En ese acto analítico, en esa búsqueda por entrar en las imágenes, Celeste Rojas explora críticamente sus condiciones de producción, cuyo potencial político no consistente solamente en ser documentos de un pasado conflictivo sino en el anudamiento afectivo de la relación padre-hija, gracias a lo cual Celeste Rojas puede llegar a conocer una faceta de su padre que debió permanecer oculta por mucho tiempo. Para ello le pide que relate sus experiencias, desde su participación en la lucha contra Pinochet hasta su exilio en Ecuador. Al respecto, la directora afirmó lo siguiente en una entrevista hecha por Pablo Gamba para Los Experimentos: “Hay algo que se da también en el diálogo con mi papá sobre asuntos de los que le cuesta hablar. El diálogo sobre la fotografía se convierte en un medio de exploración, de pensar juntos en cosas a las que de otra forma él no llega o no quiere llegar. Fueron la palabra y el diálogo, pero motivados por este quehacer, este oficio común, esta excusa, de alguna manera”. 

 Así pues, en Una sombra oscilante, las fotografías del padre de la directora no son solo recuerdos familiares; son también testimonios visuales de una época de intensa politización y represión. La clandestinidad, la militancia, la amenaza constante, todo ello se inscribe en los rostros, los gestos y los escenarios capturados por la lente de Luis Rojas, en aquello que su padre, consciente del riesgo de que implica toda representación de la contrahegemonía en los contextos dictatoriales, dejó al margen u oculto en los segundos planos.


A su vez, en un impulso claramente dialéctico, la mirada de la directora sobre estas imágenes puede interpretarse como un intento de establecer un “contrato civil de la fotografía” a posteriori, una forma de reconocer la dignidad y la agencia de su padre en un contexto histórico que buscó silenciar y a muchos como él.

La honestidad y la vulnerabilidad que Rojas proyecta al enfrentarse a la historia de su padre son, sin duda, uno de los puntos fuertes del documental. La película evita la retórica grandilocuente y el maniqueísmo, buscando una comprensión humana y compleja de las experiencias vividas. No obstante, esta búsqueda de sutileza a veces se traduce en una falta de contundencia, dejando al espectador con la sensación de que se han rozado temas de gran importancia sin llegar a profundizar en ellos de manera significativa. La sombra que oscila en el título parece referirse tanto a la presencia espectral del pasado como a la propia incertidumbre de la directora al intentar aprehenderlo.

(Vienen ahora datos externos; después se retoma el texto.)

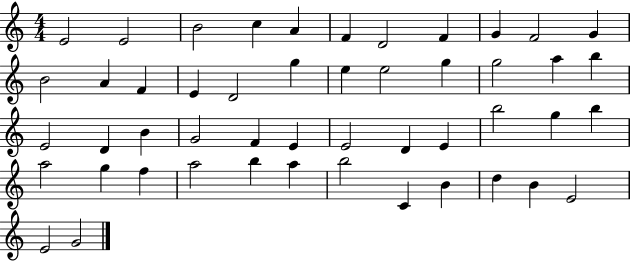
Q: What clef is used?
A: treble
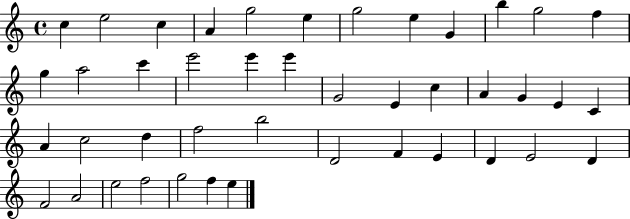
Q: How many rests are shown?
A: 0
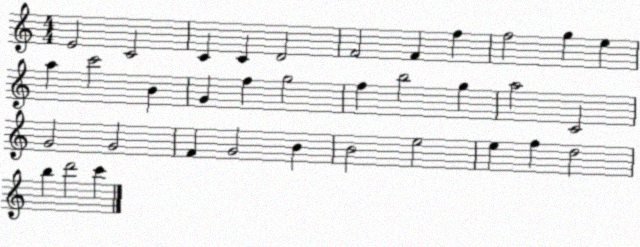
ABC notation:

X:1
T:Untitled
M:4/4
L:1/4
K:C
E2 C2 C C D2 F2 F f f2 g e a c'2 B G f g2 f b2 g a2 C2 G2 G2 F G2 B B2 e2 e f d2 b d'2 c'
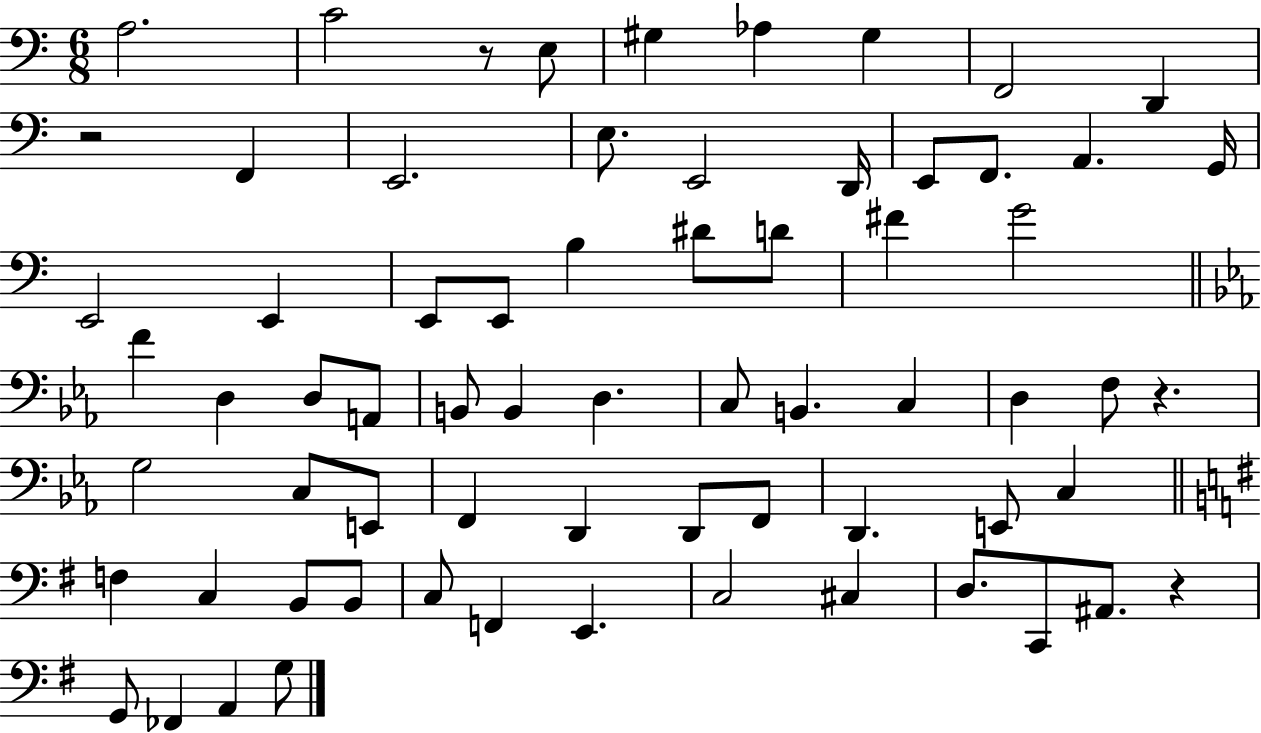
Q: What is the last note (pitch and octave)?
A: G3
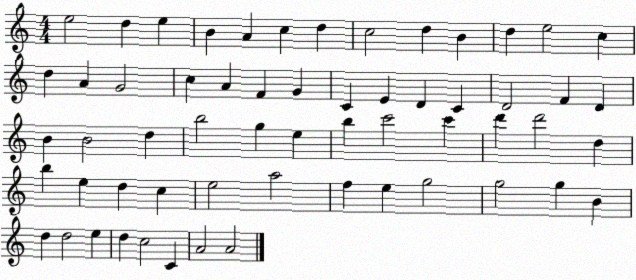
X:1
T:Untitled
M:4/4
L:1/4
K:C
e2 d e B A c d c2 d B d e2 c d A G2 c A F G C E D C D2 F D B B2 d b2 g e b c'2 c' d' d'2 d b e d c e2 a2 f e g2 g2 g B d d2 e d c2 C A2 A2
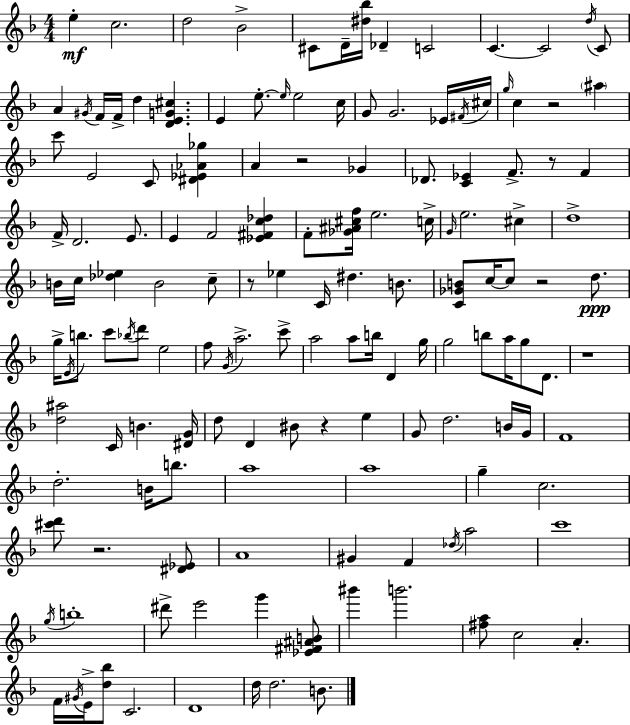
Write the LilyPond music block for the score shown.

{
  \clef treble
  \numericTimeSignature
  \time 4/4
  \key d \minor
  e''4-.\mf c''2. | d''2 bes'2-> | cis'8 d'16-- <dis'' bes''>16 des'4-- c'2 | c'4.~~ c'2 \acciaccatura { d''16 } c'8 | \break a'4 \acciaccatura { gis'16 } f'16 f'16-> d''4 <d' e' g' cis''>4. | e'4 e''8.-.~~ \grace { e''16 } e''2 | c''16 g'8 g'2. | ees'16 \acciaccatura { fis'16 } cis''16 \grace { g''16 } c''4 r2 | \break \parenthesize ais''4 c'''8 e'2 c'8 | <dis' ees' aes' ges''>4 a'4 r2 | ges'4 des'8. <c' ees'>4 f'8.-> r8 | f'4 f'16-> d'2. | \break e'8. e'4 f'2 | <ees' fis' c'' des''>4 f'8-. <ges' ais' cis'' f''>16 e''2. | c''16-> \grace { g'16 } e''2. | cis''4-> d''1-> | \break b'16 c''16 <des'' ees''>4 b'2 | c''8-- r8 ees''4 c'16 dis''4. | b'8. <c' ges' b'>8 c''16~~ c''8 r2 | d''8.\ppp g''16-> \acciaccatura { e'16 } b''8. c'''8 \acciaccatura { bes''16 } d'''8 | \break e''2 f''8 \acciaccatura { g'16 } a''2.-> | c'''8-> a''2 | a''8 b''16 d'4 g''16 g''2 | b''8 a''16 g''8 d'8. r1 | \break <d'' ais''>2 | c'16 b'4. <dis' g'>16 d''8 d'4 bis'8 | r4 e''4 g'8 d''2. | b'16 g'16 f'1 | \break d''2.-. | b'16 b''8. a''1 | a''1 | g''4-- c''2. | \break <cis''' d'''>8 r2. | <dis' ees'>8 a'1 | gis'4 f'4 | \acciaccatura { des''16 } a''2 c'''1 | \break \acciaccatura { g''16 } b''1-. | dis'''8-> e'''2 | g'''4 <ees' fis' ais' b'>8 bis'''4 b'''2. | <fis'' a''>8 c''2 | \break a'4.-. f'16 \acciaccatura { gis'16 } e'16-> <d'' bes''>8 | c'2. d'1 | d''16 d''2. | b'8. \bar "|."
}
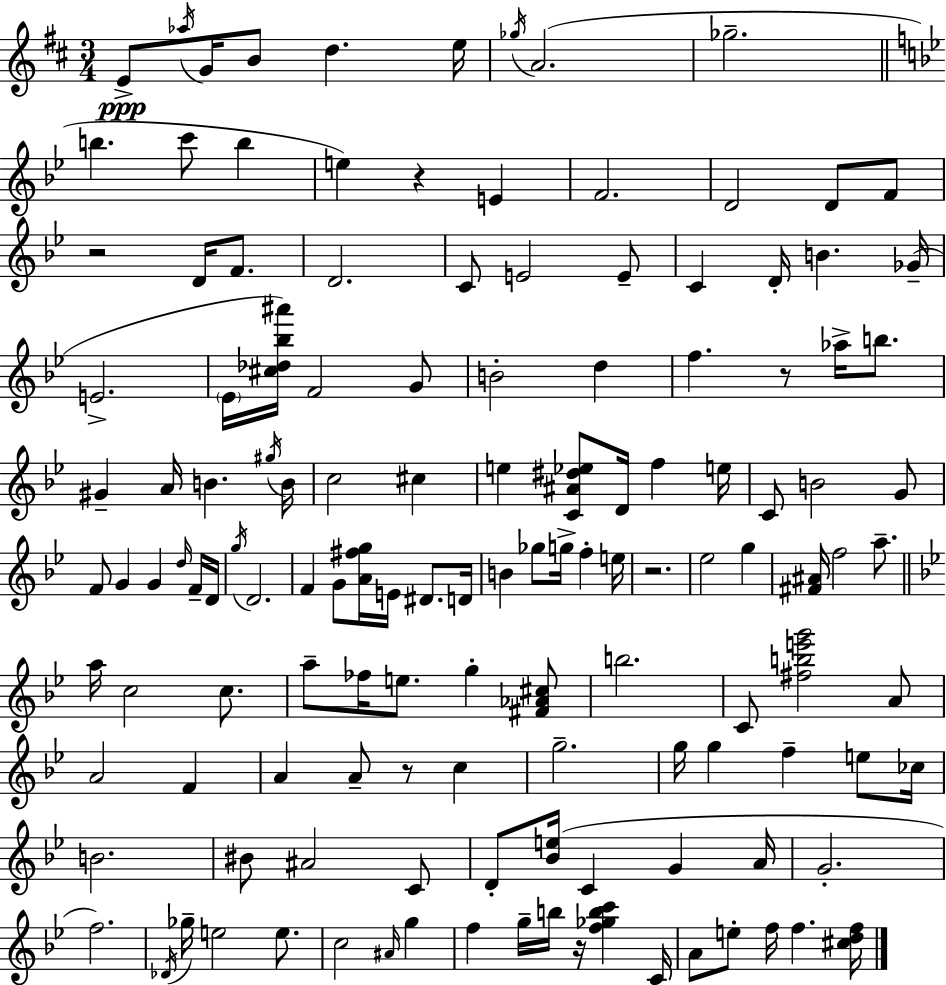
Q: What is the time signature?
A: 3/4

En conclusión, Una sombra oscilante se presenta como un documental con una premisa rica y momentos de genuina emoción y reflexión. La valentía de Celeste Rojas al explorar su historia familiar y, a través de ella, una parte fundamental de la historia política de Chile es innegable. Acercándose cautelosamente a la “huella” espectral del pasado a través de las imágenes, Una sombra oscilante evidencia las complejas dinámicas de poder y memoria que subyacen a la constitución de todo archivo, y se convierte en un intento lúcido y sensible, que da cuenta de cómo es que la sombra del pasado sigue oscilando en el presente.